*SUPPLIED MATERIAL*
--- START ---

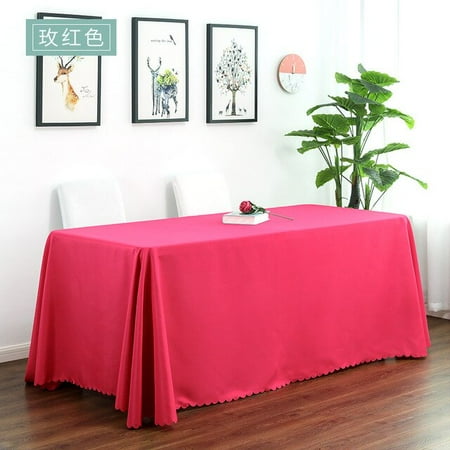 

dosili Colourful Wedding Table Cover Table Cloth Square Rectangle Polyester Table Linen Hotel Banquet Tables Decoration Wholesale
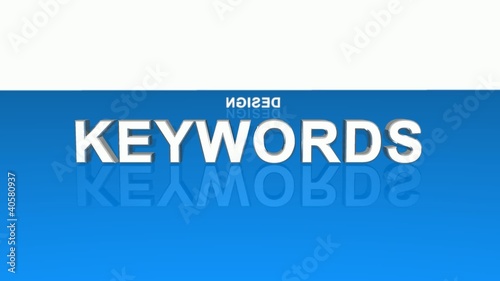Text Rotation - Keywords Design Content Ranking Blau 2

--- END ---
--- START ---

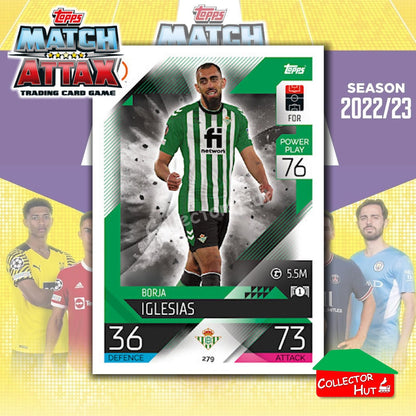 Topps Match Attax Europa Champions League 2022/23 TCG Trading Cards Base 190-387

--- END ---

Beginning with the line that contains "dosili Colourful Wedding", write out the lines of the material above exactly, and end with the line that contains "Text Rotation - Keywords". Omit the pictures.

dosili Colourful Wedding Table Cover Table Cloth Square Rectangle Polyester Table Linen Hotel Banquet Tables Decoration Wholesale
Text Rotation - Keywords Design Content Ranking Blau 2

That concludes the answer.